Check directories /usr/doc/foo and /usr/lib/foo. Do a man'' on info(1), apropos(1), locate(1), find(1), and undocumented(2).

## Job control (user process management).

% ps auxww      - Report process status of all users on the system, including
associated user names, excluding associated controlling
terminal and using wide ouput.

% jobs -l       - List jobs (subprocesses) currently running, and
their associated job number and process IDs (PIDs).

% bg J          - Place job J in the background, as if it had been started
with &.  If job J is not specified, the shell's notion of
the current job is used.
% fg J          - Place job J in the foreground, and make it the current job.
If job J is not present, the shell's notion of the current
job is used.
% kill J        - Kill job J; where J is specified with a job number, or the
PID.
% [CTRL-Z]      - Suspend the current job, placing it in the background.

% %n            - Bring up the active job having job number n.


## Networking and Communications (remote opertations).

### News.

Usnet is a collection of thousands of computers worldwide that exchange files called news articles.

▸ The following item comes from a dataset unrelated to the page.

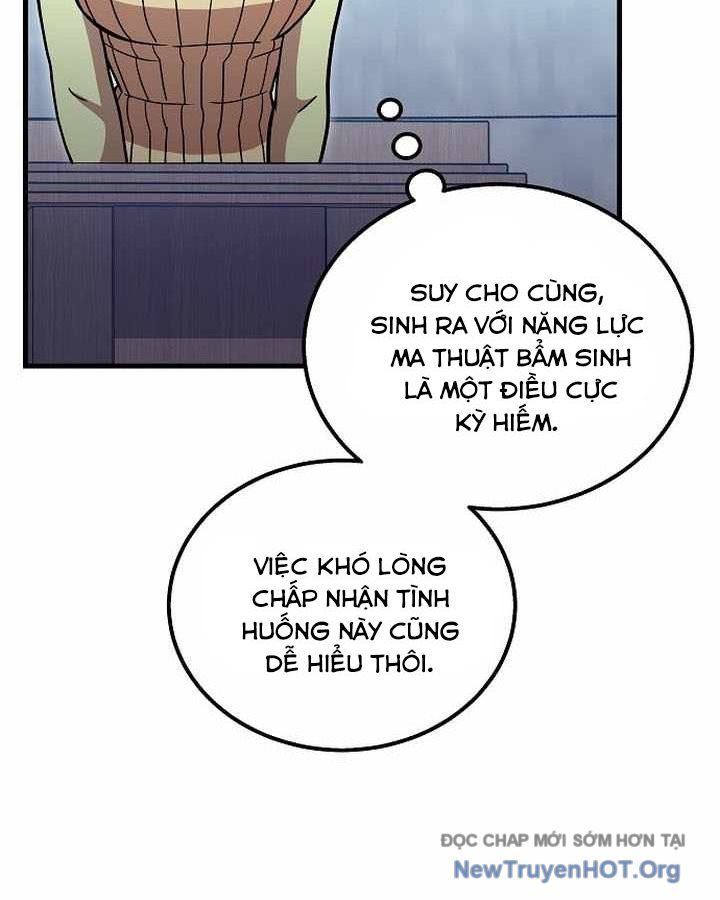 Vô Tình Ghi Danh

There are thousands of interactive discussion groups, known as electronic bulletin boards that talk about literally everything. The news server is news.RISQ.QC.ca'' and SOCS courses are listed under mcgill.socs.courses.cs*''

### FTP.

File Transfer Program enables the transfer of files between networked computers with TCP/IP. For information about FTP at SOCS, please consult: http://socsinfo.cs.mcgill.ca/wiki/FTP

### SSH/SCP.

% scp           - Secure copy.  Uses ssh authentication and security to copy
files remotely.

% scp U@H:F U2@H2:F2
- Copy file F from host H (as user U) to file F2 on host H2,
(as user U2).

% scp index.html joe@mimi:~/public_html/.


### Who and w.

% who           - Show who is currently logged on the system.
% w             - Display information about users currently logged on the
system.


### Write.

% write U       - Send a message to user U.


### Talk.

% talk U        - Talk to user U.  Talk is a visual communication program which
copies lines from your terminal to that of another user.
Press Ctrl-C to terminate the session.


### Finger.

% finger U@H    - Display information about user U on host H, including
real name, terminal name, idle time, login time, etc.


### E-Mail.

% mail U        - Send an email to user U from the command line.  User U can
Mail will prompt you for the 'subject'.  Everything typed
on subsequent lines will compose the body of the message.
The message is sent when a new line contains a single
character ".".


## Intermediate commands and options.

Intermediate commands are ones that a beginner is not concerned with, as not knowing them does not inhibit getting work done.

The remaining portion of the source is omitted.